Brief History of Macroeconomic Thought and Policy
3. Macroeconomics for the 21st Century
Monetary Change and Monetarism
Look again at Figure 17.6 "M2 and Nominal GDP, 1960–1980". The close relationship between M2 and nominal GDP in the 1960s and 1970s helped win over many economists to the monetarist camp. Now look at Figure 17.9 "M2 and Nominal GDP, 1980–2011". It shows the same two variables, M2 and nominal GDP, from the 1980s through 2011. The tidy relationship between the two seems to have vanished. What happened?
Figure 17.9 M2 and Nominal GDP, 1980–2011
The close relationship between M2 and nominal GDP a year later that had prevailed in the 1960s and 1970s seemed to vanish from the 1980s onward.

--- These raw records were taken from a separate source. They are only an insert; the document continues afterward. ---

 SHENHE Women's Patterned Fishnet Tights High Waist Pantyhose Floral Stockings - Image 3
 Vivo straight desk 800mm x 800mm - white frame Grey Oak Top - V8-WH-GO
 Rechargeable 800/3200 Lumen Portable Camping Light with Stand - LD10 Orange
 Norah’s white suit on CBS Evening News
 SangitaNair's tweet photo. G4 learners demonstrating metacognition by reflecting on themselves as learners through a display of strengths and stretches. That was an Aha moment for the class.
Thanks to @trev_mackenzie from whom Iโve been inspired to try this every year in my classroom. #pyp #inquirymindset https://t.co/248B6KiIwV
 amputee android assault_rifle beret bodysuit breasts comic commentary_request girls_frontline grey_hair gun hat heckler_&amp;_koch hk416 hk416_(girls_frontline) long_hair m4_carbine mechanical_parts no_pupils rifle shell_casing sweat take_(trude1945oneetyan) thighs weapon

The sudden change in the relationship between the money stock and nominal GDP has resulted partly from public policy. Deregulation of the banking industry in the early 1980s produced sharp changes in the ways individuals dealt with money, thus changing the relationship of money to economic activity. Banks have been freed to offer a wide range of financial alternatives to their customers. One of the most important developments has been the introduction of bond funds offered by banks. These funds allowed customers to earn the higher interest rates paid by long-term bonds while at the same time being able to transfer funds easily into checking accounts as needed. Balances in these bond funds are not counted as part of M2. As people shifted assets out of M2 accounts and into bond funds, velocity rose. That changed the once-close relationship between changes in the quantity of money and changes in nominal GDP.

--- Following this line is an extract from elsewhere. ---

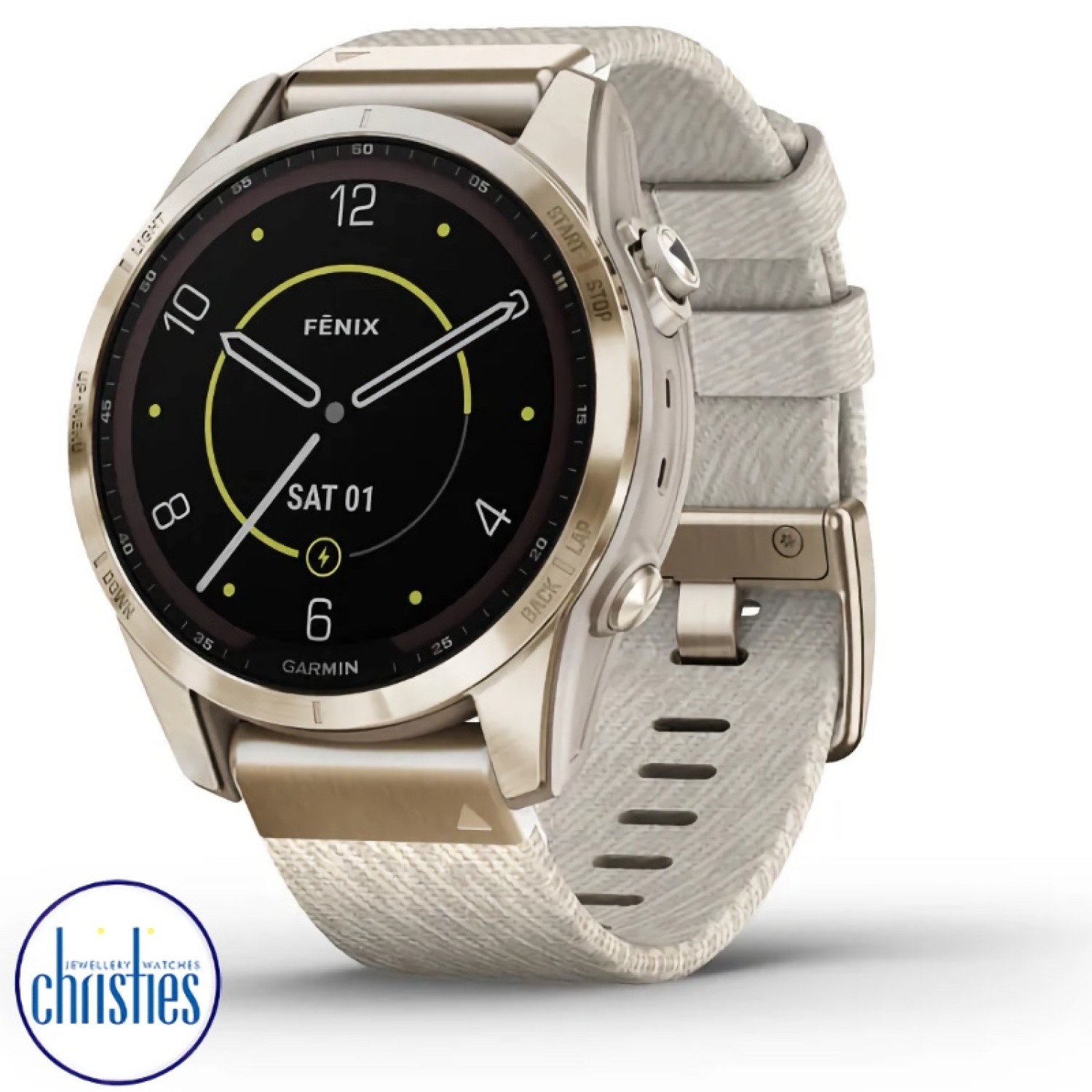 Christies Jewellery - fēnix® 7S Sapphire Solar Edition Cream Gold Titanium with Cream Heathered Nylon Band Watches Auckland NZ 10-02539-40 fēnix® 7S Sapphire Solar Edition Cream Gold Titanium with Cream Heathered Nylon Band 010-02539-40 Watches Auckland 10-02539-40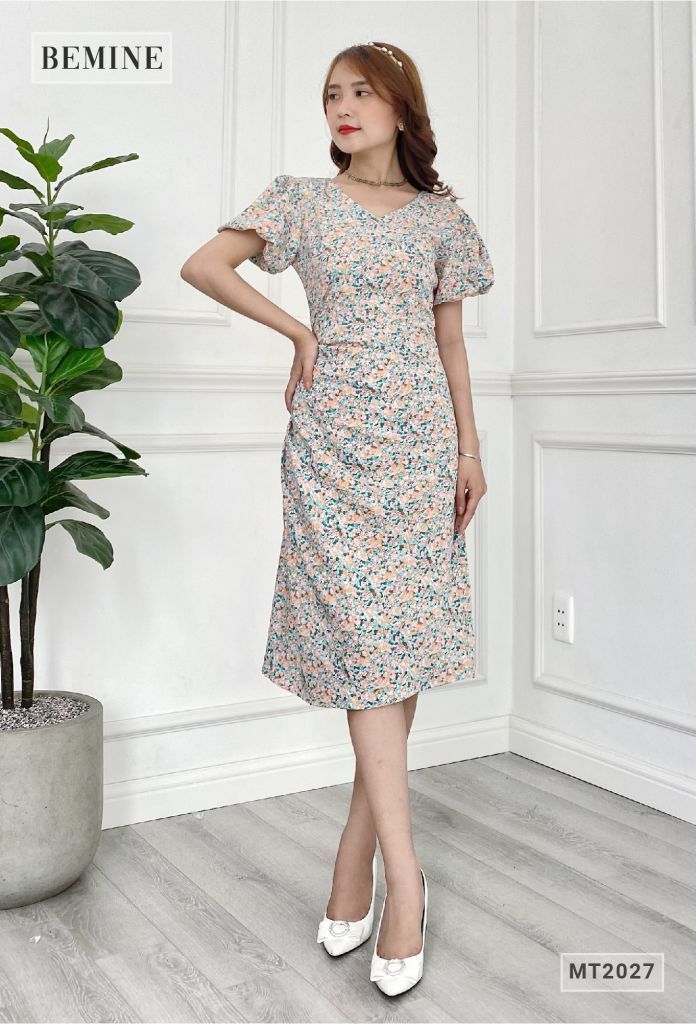 MT2027XANH - Đầm cổ tim tay bồng ly sườn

Many monetarists have argued that the experience of the 1980s, 1990s, and 2000s reinforces their view that the instability of velocity in the short run makes monetary policy an inappropriate tool for short-run stabilization. They continue to insist, however, that the velocity of M2 remains stable in the long run. But the velocity of M2 appears to have diverged in recent years from its long-run path. Although it may return to its long-run level, the stability of velocity remains very much in doubt. Because of this instability, in 2000, when the Fed was no longer required by law to report money target ranges, it discontinued the practice.